Non-EU frameworks ask for the same things. The voluntary NIST AI Risk Management Framework (AI RMF) 1.0 helps organisations build trustworthiness into AI design, development, use, and evaluation, and its Generative AI Profile, NIST AI 600-1, released on 26 July 2024, sets out suggested actions for regular adversarial testing, red teaming against prompt injection and adversarial examples, threat profiling, and testing to identify misuse scenarios (NIST AI RMF; NIST AI 600-1). A framework like ISO/IEC 42001:2023, an AI management system standard, can structure organisational governance, but it doesn’t replace system-specific testing, evidence, and risk ownership (ISO/IEC 42001).

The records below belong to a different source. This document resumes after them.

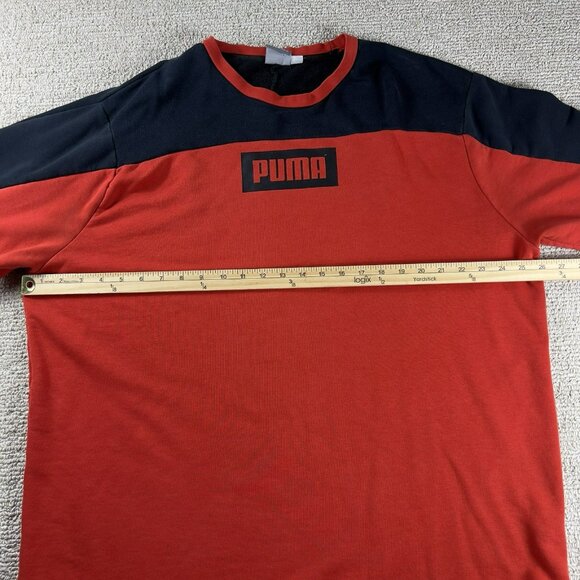 Puma Graphic Print Sweatshirt Red Black Men’s Size XL - Picture 5 of 7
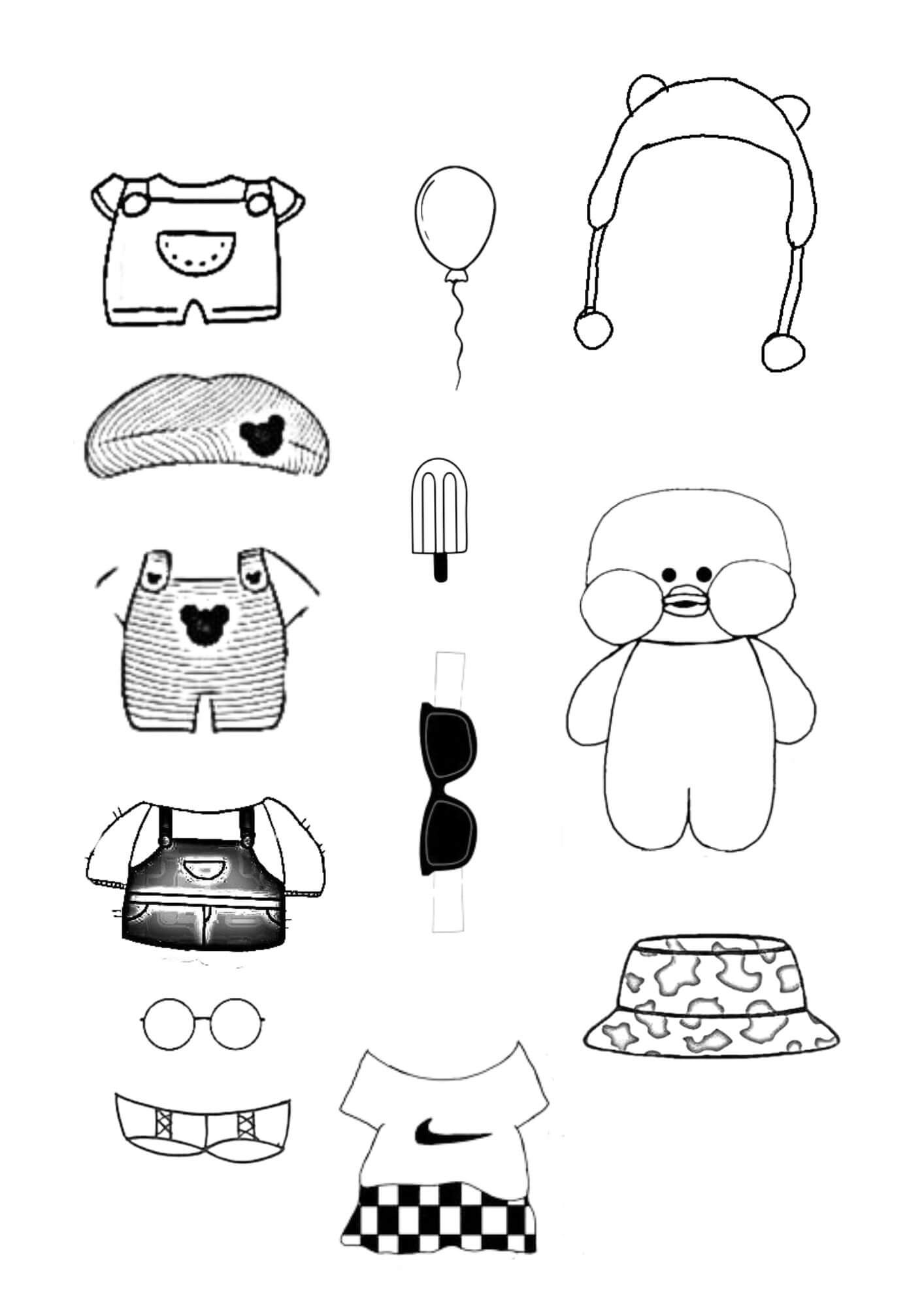 Desenho de Paper Duck para imprimir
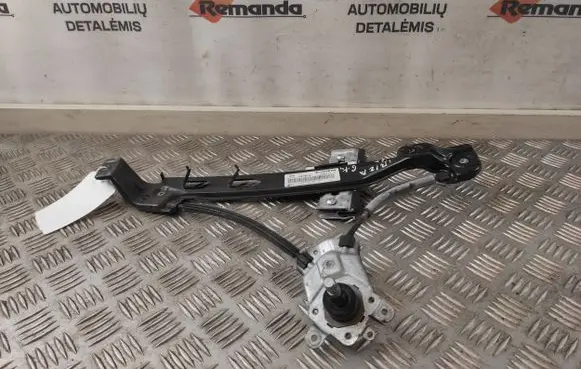 Seat Ibiza IV (6J,6P) Rear door manual window regulator 6J8839461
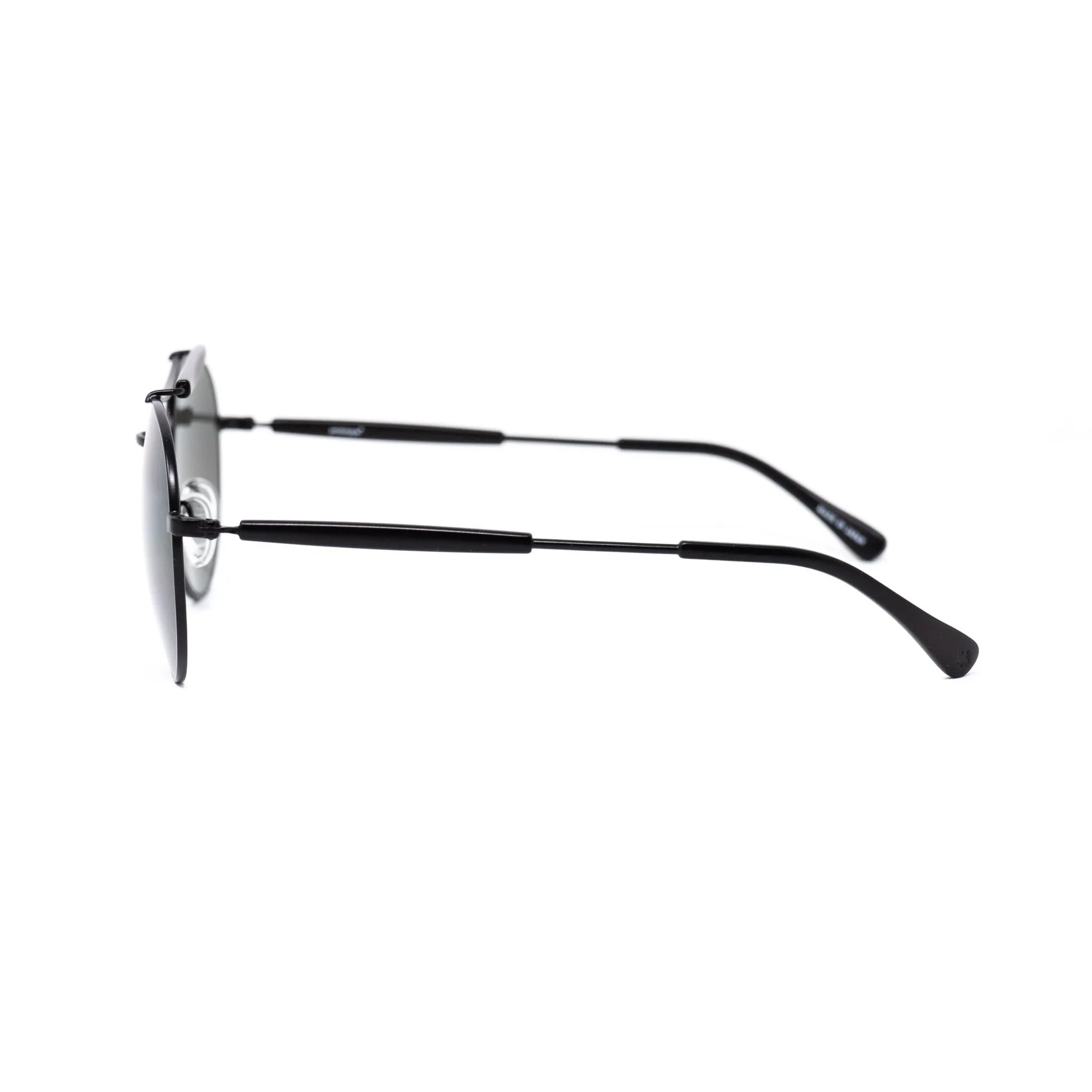 Yohji Yamamoto Sunglasses Round Black and Grey YY12RIDERC3SUN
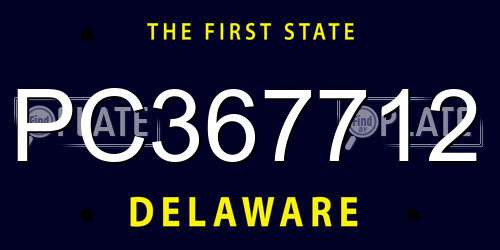 PC367712 Delaware License Plate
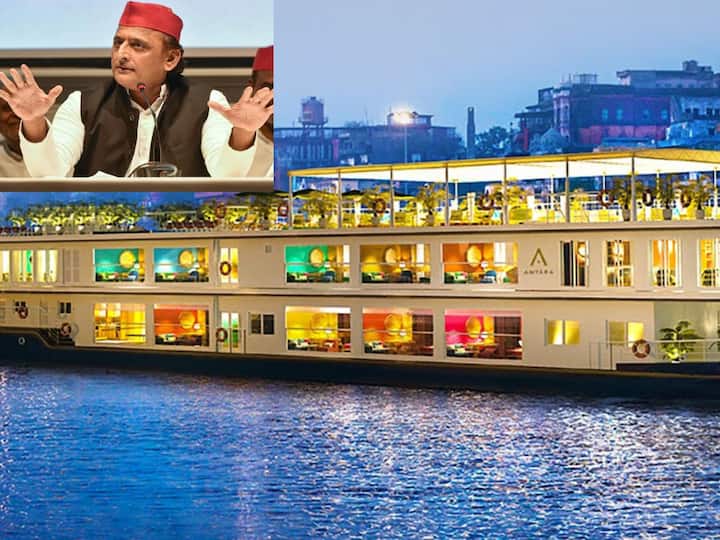 Ganga Vilas Cruise Akhilesh Yadav Claims River Cruise On Holy Ganga Has Bar Ganga Vilas Cruise: గంగా విలాస్ క్రూజ్‌లో బార్ కూడా ఉంది, ఆల్కహాల్ సర్వ్ చేస్తున్నారు - అఖిలేష్ యాదవ్ ఆరోపణలు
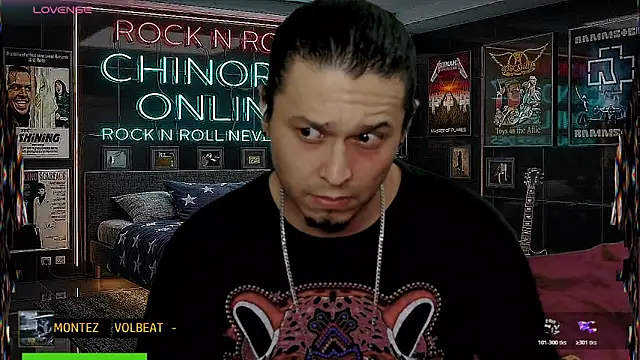 chino roz online show from May 25, 2026, 8:40 pm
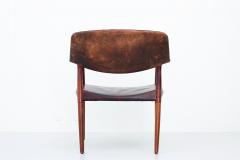 Willy Beck Armchair by Larsen and Madsen in Leather and Wood by W Beck Denmark 1950 - 3188355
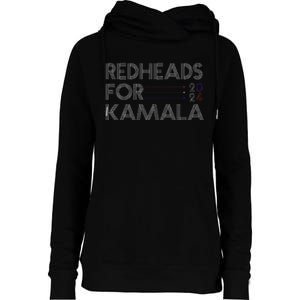 Redheads For Kamala 2024 Harris Walz Redheads For Kamala Womens Funnel Neck Pullover Hood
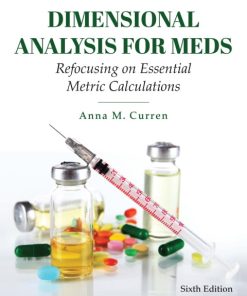 Dimensional Analysis for Meds (6th Edition)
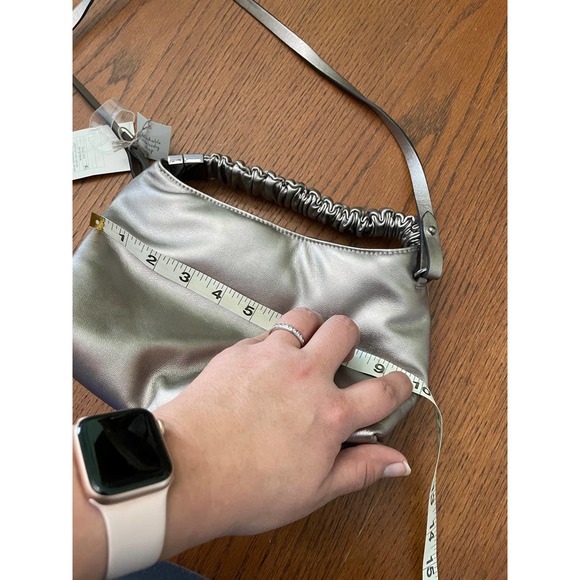 NWT A New Day Metallic Gray Purse - Picture 7 of 8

AI Security Review Must Cover the System, Not Only the Model

Production reviews must test the application around the model. A review that tests model behaviour in isolation will miss most of what breaks systems in production.

The application layer is where prompts, retrieval sources, tools, permissions, APIs, logs, fallback behaviour, human approval paths, and deployment controls live. The OWASP Top 10 for Large Language Model (LLM) Applications 2025, a community-driven security resource, names risks that sit largely at this layer: prompt injection, sensitive information disclosure, supply chain, data and model poisoning, improper output handling, excessive agency, system prompt leakage, vector and embedding weaknesses, misinformation, and unbounded consumption (OWASP GenAI Security Project).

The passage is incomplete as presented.